Sophianos was well known as an expert on Greek history and geography. He was sent to Greece in about 1543 by Don Diego Hurtado de Mendoza, the Spanish envoy to Venice, to acquire Greek manuscripts for the Escurial Library. It is about this time - possibly in 1540, the date found at the end of Sophianos’ text on this map - that Sophianus compiled his great map of Greece, although there is no surviving example.
In 1544, Johann Oporinus, a printer and publisher in Basle, published an eight-sheet version of Sophianos’ map, cut by Master Christoph of Strasburg. Of this earliest printing, there is also no known extant example. Indeed, the earliest surviving printing of the map recorded by Zacharakis or Karrow was printed by Johann Schroeter in Basle in 1601.
This example is apparently the second state of the map. It retains the date 1544 just above the scale bar on the bottom right hand sheet, but the letterpress text in the left hand cartouche on the lower left sheet may have been reset, in whole or part, as it ends with the date ‘prid[ie] Calend[is]. Septembr[is]. Anno salutis publiae M D X L V.’

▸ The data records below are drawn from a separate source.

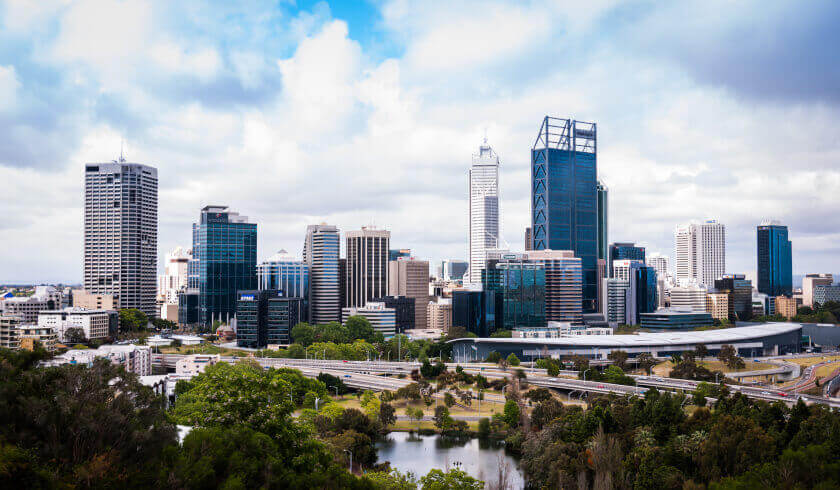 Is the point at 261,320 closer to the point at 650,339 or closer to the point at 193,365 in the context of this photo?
the point at 193,365

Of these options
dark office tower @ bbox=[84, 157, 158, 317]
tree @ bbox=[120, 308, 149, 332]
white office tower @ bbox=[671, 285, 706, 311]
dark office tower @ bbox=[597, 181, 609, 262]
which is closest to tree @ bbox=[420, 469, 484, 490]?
tree @ bbox=[120, 308, 149, 332]

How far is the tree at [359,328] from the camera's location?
93.8 metres

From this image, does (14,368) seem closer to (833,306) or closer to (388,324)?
(388,324)

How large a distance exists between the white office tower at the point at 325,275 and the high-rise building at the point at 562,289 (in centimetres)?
3438

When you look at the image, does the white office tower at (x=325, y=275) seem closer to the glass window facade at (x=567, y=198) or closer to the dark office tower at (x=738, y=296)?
the glass window facade at (x=567, y=198)

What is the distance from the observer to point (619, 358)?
7200cm

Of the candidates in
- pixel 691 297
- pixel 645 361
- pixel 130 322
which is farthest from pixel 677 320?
pixel 130 322

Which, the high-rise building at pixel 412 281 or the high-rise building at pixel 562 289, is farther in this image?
the high-rise building at pixel 412 281

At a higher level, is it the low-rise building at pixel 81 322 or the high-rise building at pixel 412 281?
the high-rise building at pixel 412 281

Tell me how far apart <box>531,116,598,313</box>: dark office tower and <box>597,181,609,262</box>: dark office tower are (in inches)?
935

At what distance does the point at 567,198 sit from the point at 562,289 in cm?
3055

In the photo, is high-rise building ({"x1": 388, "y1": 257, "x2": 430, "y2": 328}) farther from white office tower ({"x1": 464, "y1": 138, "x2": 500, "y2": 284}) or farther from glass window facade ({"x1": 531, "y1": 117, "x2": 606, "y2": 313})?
white office tower ({"x1": 464, "y1": 138, "x2": 500, "y2": 284})

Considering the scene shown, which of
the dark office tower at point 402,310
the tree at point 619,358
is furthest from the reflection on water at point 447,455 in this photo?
the dark office tower at point 402,310

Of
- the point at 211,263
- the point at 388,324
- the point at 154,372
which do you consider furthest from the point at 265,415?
the point at 211,263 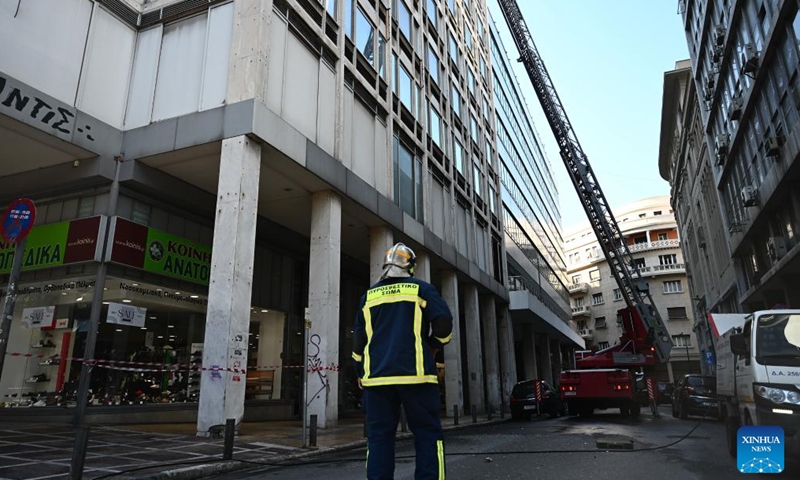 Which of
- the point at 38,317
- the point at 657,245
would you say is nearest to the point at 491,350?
the point at 38,317

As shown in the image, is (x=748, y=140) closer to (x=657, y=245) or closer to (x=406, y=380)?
(x=406, y=380)

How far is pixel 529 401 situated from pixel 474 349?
578cm

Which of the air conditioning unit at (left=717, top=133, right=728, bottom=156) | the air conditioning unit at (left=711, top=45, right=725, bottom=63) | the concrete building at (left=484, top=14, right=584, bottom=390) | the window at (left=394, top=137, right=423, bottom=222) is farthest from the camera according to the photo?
the concrete building at (left=484, top=14, right=584, bottom=390)

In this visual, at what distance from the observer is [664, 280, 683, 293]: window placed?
2510 inches

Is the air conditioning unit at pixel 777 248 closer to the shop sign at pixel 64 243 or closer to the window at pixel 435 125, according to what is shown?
the window at pixel 435 125

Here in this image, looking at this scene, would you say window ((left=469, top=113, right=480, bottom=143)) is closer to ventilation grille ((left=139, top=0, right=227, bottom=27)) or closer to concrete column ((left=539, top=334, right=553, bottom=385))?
ventilation grille ((left=139, top=0, right=227, bottom=27))

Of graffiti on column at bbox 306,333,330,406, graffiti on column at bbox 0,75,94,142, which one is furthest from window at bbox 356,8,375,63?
graffiti on column at bbox 306,333,330,406

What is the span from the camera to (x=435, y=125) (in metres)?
24.6

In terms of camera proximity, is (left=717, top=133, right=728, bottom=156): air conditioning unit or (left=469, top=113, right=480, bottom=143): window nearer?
(left=717, top=133, right=728, bottom=156): air conditioning unit

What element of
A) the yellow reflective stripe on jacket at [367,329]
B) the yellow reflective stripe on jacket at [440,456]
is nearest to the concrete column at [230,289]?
the yellow reflective stripe on jacket at [367,329]

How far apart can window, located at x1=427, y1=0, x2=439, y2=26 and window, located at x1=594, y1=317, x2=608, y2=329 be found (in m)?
53.0

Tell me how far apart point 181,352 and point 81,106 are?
6.61 meters

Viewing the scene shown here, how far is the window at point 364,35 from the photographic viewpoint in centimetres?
1773

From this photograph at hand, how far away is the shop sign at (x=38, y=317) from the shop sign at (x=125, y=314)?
1.68 metres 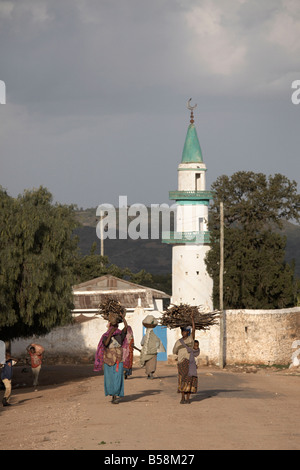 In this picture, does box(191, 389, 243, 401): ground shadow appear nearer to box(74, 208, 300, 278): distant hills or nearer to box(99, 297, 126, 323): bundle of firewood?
box(99, 297, 126, 323): bundle of firewood

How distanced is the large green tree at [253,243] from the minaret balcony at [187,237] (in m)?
0.66

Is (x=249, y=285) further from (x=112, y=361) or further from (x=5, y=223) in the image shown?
(x=112, y=361)

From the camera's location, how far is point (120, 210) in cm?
17050

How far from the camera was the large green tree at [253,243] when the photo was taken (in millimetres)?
45344

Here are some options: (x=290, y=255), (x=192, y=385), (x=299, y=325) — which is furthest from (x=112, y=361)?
(x=290, y=255)

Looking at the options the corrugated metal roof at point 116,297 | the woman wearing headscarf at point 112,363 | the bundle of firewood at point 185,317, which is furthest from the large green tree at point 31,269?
the corrugated metal roof at point 116,297

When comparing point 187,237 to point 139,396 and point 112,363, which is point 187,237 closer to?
point 139,396

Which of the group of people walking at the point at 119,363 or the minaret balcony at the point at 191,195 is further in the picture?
the minaret balcony at the point at 191,195

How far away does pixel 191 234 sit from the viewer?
4747 cm

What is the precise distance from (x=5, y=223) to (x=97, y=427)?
12.0 metres

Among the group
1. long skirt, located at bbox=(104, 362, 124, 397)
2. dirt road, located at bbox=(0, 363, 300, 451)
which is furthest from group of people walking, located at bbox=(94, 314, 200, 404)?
dirt road, located at bbox=(0, 363, 300, 451)

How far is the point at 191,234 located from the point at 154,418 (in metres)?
32.7

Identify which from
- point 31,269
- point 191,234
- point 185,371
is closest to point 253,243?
point 191,234

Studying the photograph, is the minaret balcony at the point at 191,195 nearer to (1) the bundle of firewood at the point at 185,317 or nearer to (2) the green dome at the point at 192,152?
(2) the green dome at the point at 192,152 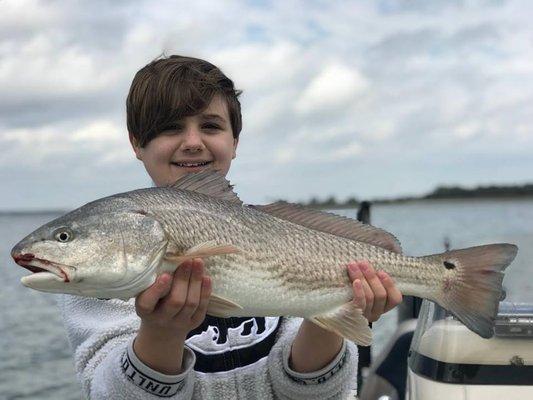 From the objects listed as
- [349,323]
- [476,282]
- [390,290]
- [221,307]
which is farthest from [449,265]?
[221,307]

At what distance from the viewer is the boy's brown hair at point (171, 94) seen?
3471 millimetres

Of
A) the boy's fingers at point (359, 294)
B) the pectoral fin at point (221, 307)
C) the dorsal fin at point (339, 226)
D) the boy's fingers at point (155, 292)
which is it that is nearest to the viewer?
the boy's fingers at point (155, 292)

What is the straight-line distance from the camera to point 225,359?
136 inches

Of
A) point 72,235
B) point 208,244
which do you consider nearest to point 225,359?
point 208,244

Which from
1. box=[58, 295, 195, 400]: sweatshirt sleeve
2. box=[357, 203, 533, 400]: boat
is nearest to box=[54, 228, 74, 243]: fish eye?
box=[58, 295, 195, 400]: sweatshirt sleeve

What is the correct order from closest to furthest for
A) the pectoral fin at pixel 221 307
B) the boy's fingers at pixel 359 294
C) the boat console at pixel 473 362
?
the pectoral fin at pixel 221 307 → the boy's fingers at pixel 359 294 → the boat console at pixel 473 362

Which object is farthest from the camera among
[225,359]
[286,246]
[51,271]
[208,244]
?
[225,359]

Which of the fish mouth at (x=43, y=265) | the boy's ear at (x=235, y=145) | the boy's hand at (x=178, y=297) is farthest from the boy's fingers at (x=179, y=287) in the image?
the boy's ear at (x=235, y=145)

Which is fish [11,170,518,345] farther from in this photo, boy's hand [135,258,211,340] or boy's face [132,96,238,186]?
boy's face [132,96,238,186]

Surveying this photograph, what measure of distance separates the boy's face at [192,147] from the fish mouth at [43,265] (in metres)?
0.93

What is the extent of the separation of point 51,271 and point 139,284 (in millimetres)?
334

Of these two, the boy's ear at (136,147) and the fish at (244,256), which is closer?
the fish at (244,256)

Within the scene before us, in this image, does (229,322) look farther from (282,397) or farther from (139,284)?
(139,284)

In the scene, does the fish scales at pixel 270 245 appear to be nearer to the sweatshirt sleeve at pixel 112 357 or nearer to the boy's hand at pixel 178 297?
the boy's hand at pixel 178 297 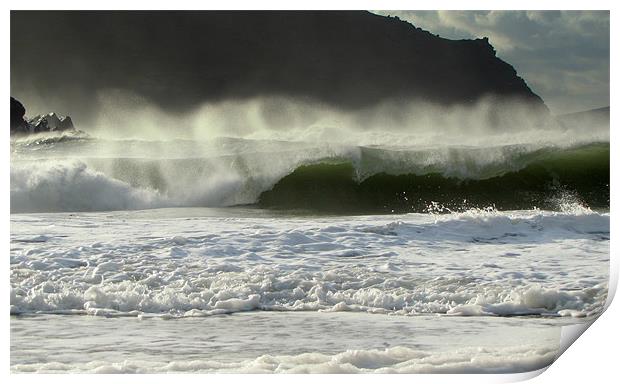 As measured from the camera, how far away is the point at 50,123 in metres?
5.71

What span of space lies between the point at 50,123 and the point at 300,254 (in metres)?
1.69

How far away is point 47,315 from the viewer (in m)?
5.45

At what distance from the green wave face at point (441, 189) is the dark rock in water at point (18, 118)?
148 cm

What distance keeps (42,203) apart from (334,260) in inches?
69.8

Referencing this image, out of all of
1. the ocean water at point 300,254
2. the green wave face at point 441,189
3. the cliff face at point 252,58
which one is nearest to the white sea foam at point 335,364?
the ocean water at point 300,254

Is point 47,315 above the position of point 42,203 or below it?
below

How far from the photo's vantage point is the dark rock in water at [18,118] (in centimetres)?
564

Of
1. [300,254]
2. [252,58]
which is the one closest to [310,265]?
[300,254]

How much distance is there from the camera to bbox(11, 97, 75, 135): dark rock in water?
18.6ft

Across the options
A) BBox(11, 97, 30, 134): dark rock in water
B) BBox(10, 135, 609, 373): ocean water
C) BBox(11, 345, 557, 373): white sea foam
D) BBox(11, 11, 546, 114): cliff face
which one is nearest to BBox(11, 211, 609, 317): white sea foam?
BBox(10, 135, 609, 373): ocean water

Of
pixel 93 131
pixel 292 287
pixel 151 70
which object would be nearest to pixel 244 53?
pixel 151 70

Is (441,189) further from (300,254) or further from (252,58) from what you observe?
(252,58) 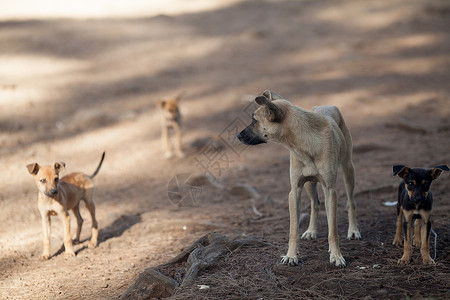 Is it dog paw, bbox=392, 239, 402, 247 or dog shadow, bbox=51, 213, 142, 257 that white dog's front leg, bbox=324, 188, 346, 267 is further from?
dog shadow, bbox=51, 213, 142, 257

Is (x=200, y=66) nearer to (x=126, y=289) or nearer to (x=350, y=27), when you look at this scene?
(x=350, y=27)

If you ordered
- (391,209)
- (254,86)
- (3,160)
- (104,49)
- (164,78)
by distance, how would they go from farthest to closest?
1. (104,49)
2. (164,78)
3. (254,86)
4. (3,160)
5. (391,209)

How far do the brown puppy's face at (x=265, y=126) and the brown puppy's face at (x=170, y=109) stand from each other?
686 cm

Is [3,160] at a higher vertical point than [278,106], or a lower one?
lower

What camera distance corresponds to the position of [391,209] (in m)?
7.85

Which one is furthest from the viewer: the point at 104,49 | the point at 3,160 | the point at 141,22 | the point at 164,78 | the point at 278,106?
the point at 141,22

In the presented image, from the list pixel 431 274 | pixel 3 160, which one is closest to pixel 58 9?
pixel 3 160

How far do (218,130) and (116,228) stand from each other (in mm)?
6242

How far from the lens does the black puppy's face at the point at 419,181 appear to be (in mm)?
5199

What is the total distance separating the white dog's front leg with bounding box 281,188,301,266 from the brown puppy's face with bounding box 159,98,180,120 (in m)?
7.02

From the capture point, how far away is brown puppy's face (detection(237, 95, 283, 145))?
5500 mm

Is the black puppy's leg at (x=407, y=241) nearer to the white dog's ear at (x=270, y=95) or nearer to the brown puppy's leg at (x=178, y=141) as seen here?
the white dog's ear at (x=270, y=95)

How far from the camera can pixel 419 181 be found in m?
5.20

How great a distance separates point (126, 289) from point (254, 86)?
12580mm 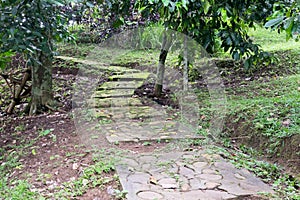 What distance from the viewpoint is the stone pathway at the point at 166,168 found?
215 centimetres

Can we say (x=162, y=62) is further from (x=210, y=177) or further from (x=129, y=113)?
(x=210, y=177)

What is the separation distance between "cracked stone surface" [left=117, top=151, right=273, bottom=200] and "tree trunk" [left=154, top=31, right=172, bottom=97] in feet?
6.05

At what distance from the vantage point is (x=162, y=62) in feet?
14.5

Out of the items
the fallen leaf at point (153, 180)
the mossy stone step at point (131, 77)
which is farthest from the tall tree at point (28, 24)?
the mossy stone step at point (131, 77)

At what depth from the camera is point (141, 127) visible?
3.58 m

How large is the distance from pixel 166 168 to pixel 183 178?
212 millimetres

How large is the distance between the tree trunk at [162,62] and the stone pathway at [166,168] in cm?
45

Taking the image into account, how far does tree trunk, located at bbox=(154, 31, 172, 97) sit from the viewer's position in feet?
14.1

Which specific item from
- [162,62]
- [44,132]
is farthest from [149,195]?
[162,62]

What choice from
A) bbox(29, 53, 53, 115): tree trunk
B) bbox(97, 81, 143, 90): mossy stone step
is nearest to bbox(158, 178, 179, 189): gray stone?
bbox(29, 53, 53, 115): tree trunk

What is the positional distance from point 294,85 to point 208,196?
8.70 ft

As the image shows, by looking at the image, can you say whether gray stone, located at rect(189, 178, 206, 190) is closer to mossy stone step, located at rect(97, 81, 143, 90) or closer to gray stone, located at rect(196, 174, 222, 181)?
gray stone, located at rect(196, 174, 222, 181)

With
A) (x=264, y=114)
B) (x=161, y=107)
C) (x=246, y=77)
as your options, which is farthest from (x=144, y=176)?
(x=246, y=77)

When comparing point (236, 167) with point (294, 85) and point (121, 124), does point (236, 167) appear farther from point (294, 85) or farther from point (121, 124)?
point (294, 85) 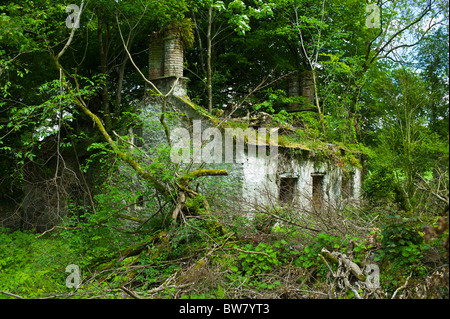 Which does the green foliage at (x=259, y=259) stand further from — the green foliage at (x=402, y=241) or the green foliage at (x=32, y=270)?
the green foliage at (x=32, y=270)

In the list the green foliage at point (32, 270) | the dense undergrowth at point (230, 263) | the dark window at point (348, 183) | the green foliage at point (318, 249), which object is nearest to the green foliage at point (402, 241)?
the dense undergrowth at point (230, 263)

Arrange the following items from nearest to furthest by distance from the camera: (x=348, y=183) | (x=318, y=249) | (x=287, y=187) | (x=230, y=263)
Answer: (x=318, y=249), (x=230, y=263), (x=287, y=187), (x=348, y=183)

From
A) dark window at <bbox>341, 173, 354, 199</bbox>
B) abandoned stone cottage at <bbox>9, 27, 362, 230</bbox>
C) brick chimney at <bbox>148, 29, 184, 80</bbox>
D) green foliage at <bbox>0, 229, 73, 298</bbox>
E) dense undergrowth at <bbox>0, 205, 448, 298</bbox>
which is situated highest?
brick chimney at <bbox>148, 29, 184, 80</bbox>

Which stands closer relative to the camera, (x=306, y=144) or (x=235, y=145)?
(x=235, y=145)

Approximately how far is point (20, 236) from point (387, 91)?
37.6ft

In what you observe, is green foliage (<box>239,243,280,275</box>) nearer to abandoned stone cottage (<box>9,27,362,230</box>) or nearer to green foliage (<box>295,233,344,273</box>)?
green foliage (<box>295,233,344,273</box>)

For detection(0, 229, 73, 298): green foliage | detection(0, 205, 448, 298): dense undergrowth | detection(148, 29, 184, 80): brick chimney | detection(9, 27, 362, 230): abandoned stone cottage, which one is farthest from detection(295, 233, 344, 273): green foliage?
detection(148, 29, 184, 80): brick chimney

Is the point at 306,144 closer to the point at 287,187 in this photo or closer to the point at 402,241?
the point at 287,187

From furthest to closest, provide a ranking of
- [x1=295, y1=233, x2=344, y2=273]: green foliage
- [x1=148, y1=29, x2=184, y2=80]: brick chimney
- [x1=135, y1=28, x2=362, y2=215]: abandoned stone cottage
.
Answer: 1. [x1=148, y1=29, x2=184, y2=80]: brick chimney
2. [x1=135, y1=28, x2=362, y2=215]: abandoned stone cottage
3. [x1=295, y1=233, x2=344, y2=273]: green foliage

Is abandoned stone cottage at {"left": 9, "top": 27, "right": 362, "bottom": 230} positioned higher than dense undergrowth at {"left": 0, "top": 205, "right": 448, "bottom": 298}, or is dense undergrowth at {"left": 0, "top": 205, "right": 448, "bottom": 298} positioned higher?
abandoned stone cottage at {"left": 9, "top": 27, "right": 362, "bottom": 230}

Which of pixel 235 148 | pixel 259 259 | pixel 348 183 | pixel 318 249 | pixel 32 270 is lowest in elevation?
pixel 32 270

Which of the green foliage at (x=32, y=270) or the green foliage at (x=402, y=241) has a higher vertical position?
the green foliage at (x=402, y=241)

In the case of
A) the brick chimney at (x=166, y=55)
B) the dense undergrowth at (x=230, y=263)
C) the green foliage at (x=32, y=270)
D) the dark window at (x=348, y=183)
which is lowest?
the green foliage at (x=32, y=270)

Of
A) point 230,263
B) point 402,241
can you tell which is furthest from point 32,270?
point 402,241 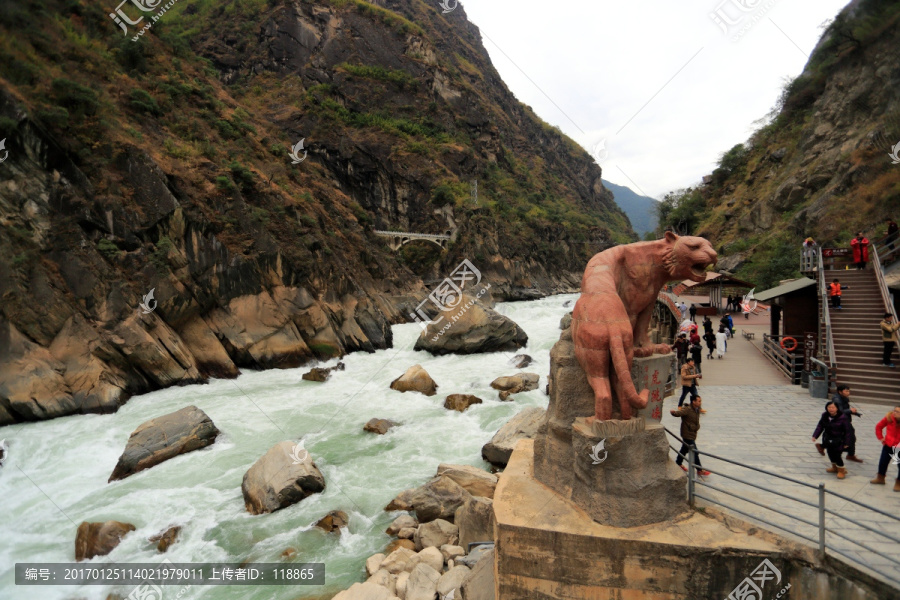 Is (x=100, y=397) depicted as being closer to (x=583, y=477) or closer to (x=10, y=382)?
(x=10, y=382)

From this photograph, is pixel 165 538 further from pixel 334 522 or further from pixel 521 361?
pixel 521 361

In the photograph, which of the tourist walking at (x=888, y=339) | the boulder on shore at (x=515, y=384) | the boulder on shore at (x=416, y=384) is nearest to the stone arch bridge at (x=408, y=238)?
the boulder on shore at (x=416, y=384)

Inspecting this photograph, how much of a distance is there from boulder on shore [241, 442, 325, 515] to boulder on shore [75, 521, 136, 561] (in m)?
2.05

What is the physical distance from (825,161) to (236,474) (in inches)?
1409

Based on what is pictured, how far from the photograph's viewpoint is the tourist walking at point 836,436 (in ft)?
18.8

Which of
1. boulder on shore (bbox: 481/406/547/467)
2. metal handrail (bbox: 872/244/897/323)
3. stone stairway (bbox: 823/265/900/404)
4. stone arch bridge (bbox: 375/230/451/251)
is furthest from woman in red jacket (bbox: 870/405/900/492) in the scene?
stone arch bridge (bbox: 375/230/451/251)

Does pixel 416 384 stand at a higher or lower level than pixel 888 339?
lower

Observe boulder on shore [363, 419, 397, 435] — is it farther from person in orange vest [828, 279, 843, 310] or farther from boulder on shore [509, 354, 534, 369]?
person in orange vest [828, 279, 843, 310]

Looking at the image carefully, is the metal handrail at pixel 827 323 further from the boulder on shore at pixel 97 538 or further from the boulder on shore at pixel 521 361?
the boulder on shore at pixel 97 538

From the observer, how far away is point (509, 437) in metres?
→ 10.4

It appears that Oporinus reprinted the map in 1545 to accompany his edition of Gerbelius’ In Descriptionem Graeciae Sophiani, Praefatio... Although the book gives instructions on colouring the map, and contains an additional gazetteer, the map seems not to have been routinely bound with the book, but rather was issued separately, hence its rarity.
Karrow records no example of the book with the map; however, an example in the Library of Congress is described as having the map (the British Library example does not), and this example almost certainly owes its survival, and fine condition, to having been bound in the book, as the page size is very similar to the BL example.
Karrow notes that Oporinus commissioned a series of town views to accompany the map. Visible along the lower border is the upper border of a frame where these views might have been placed, but this additional panel has been masked off in printing.